The mansion and gardens were very clean; however, what was not shown was the road up to the destination, which was muddy and in the process of being paved.
We took another 20-minute taxi to the gardens where we were greeted with an ornate white mansion. On the east wing of the house, there was a gift shop and cafe. My mother and I got there just in time for the final orders of breakfast, so we both ordered eggs and toast. Outside the window, a rainbow appeared among the Halloween decorations as we dug into our first meal in over twelve hours.

After the floods comes a rainbow, followed by more rain.

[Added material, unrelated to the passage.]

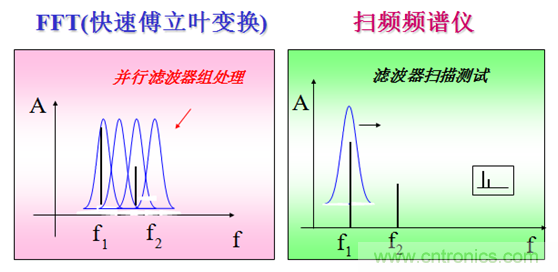 科普:最好的频谱分析仪基础知识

The garden itself was majestic. The multitude of tree varieties, the fall colors, the exotic structures, and a sturdy children’s playground (I say that because it was able to hold my weight) made the nearly two-and-a-half-hour walk feel like no time at all. The moss on the trees allowed for all sorts of plants to grow inside the tree’s bark, which added to the beauty of the surroundings. Snails and white slugs greeted us at every stop. The sights were marvelous: A Japanese pagoda surrounded by meticulously placed ferns could be seen from a bridge that also overlooked the river and a small train line. The first walkthrough of the garden would have been picture-perfect if it weren’t for the torrential downpour that took us by surprise toward the end.







I had a great time taking up-close pictures in the garden!
As the rain passed, we made our way back to the gift shop and asked around for directions on how to get back. We did not have reliable cell service, and the gardens were far enough away from the city that ordering a taxi would take exorbitantly long. After around 25 minutes of hearing about different methods of transportation around the city from the gift shop employee, a local overhearing our conversation offered for us to hitch a ride with her. And so, we left the Gardens in a very nice stranger’s car, free of charge, to our bed and breakfast where we would plan our next adventure.